Aus diesen Gefühlen speisen sich Verhaltensweisen, die zu Panikhandlungen auswachsen können, so z.B. das Hamsterverhalten, mit dem Kunden die Klopapierregale leerplündern und sich um die letzten Packungen streiten. Der Mitmensch auf der Straße wird zur möglichen Bedrohung, wir gehen misstrauisch auf Abstand und fragen uns, ob er seine Hände desinfiziert hat oder gar ein Coronaerkrankter ist. Hoffentlich fängt er nicht zu husten an und wir können uns nicht rechtzeitig in Sicherheit bringen. 

Die Unsicherheit ist so überwältigend, weil das, was uns Angst macht, so winzig klein ist, dass es unserer Kontrolle und Abwehr zu entgehen scheint. Wir können uns vornehmen, die Gefahr mit aller Macht zu bekämpfen, doch ist der Feind so unsichtbar, dass all unser martialisches Gehabe ins Leere geht. Außerdem wissen wir so wenig, wie sich die Gefahr verhält, wie wir sie in den Griff kriegen und unserer Macht unterwerfen. Wir befinden uns an einer Grenze zu einem Unbekannten und haben die Angst, dass es uns an den Kragen geht und wir gar nicht wissen, was es ist, das uns da umbringt. 

Diese Grenzerfahrung zu vermeiden, ist vermutlich der Hauptimpuls, warum wir so bereitwillig all die Einschränkungen auf uns nehmen, die uns anbefohlen werden. Es gibt keinen zivilen Widerstand angesichts der Freiheitsverluste, sondern bereitwillig nickende Zustimmung überall. 
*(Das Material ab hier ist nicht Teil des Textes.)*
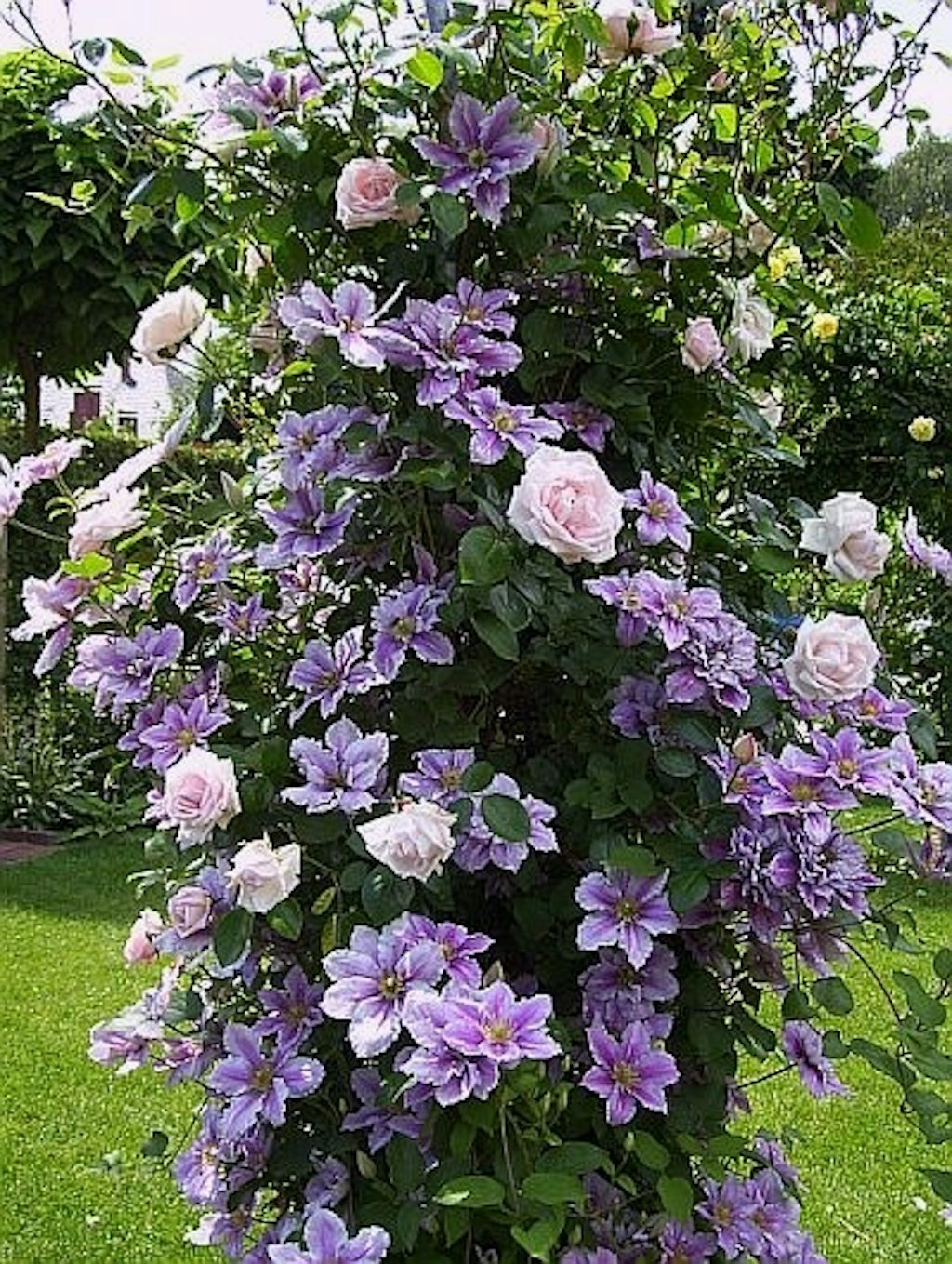 A match made in your garden A match made in your garden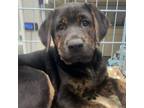 Adopt White Claw a Black Labrador Retriever, Doberman Pinscher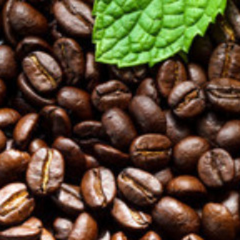 Vanilla Nut Coffee - 1 lb (16 oz) T.M. Ward Coffee Company
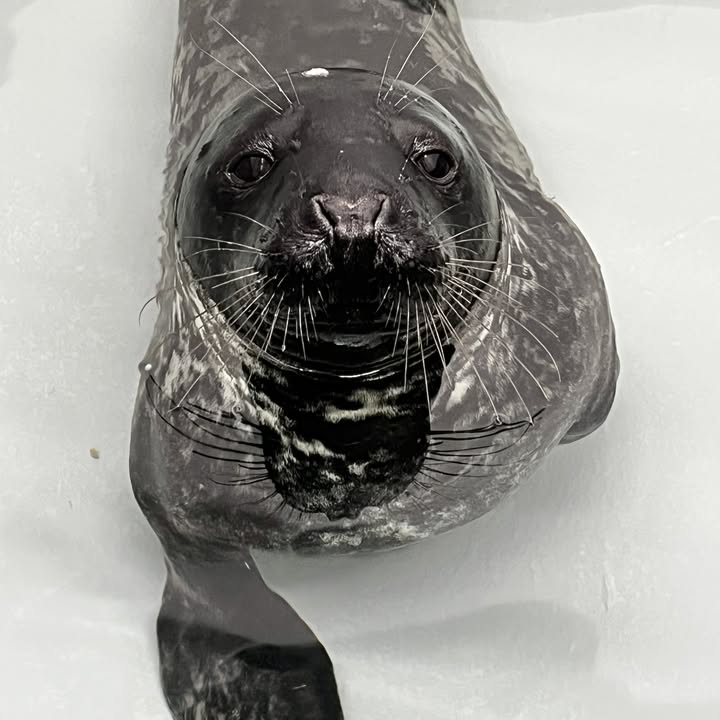 Seal pup rescued from fishing line entanglement on Long Beach Island, undergoing treatment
Währenddessen entsteht eine Gesellschaft, die weniger Ressourcen verbraucht und offensichtlich damit auch ganz gut leben kann. Sind wir schon dabei, die Spannungen eines ungleichen Sozialsystems und das Rätsel der Klimakrise zu lösen, indem wir merken, dass ein Zusammenleben miteinander und mit der Natur mit Augenmaß möglich und lebbar ist? Was könnte daraus folgen, dass wir viel weniger unter dem Konsumverzicht leiden als wir dachten, solange uns die Selbsteinschränkung mit moralischer Geste vor Augen gehalten wurde?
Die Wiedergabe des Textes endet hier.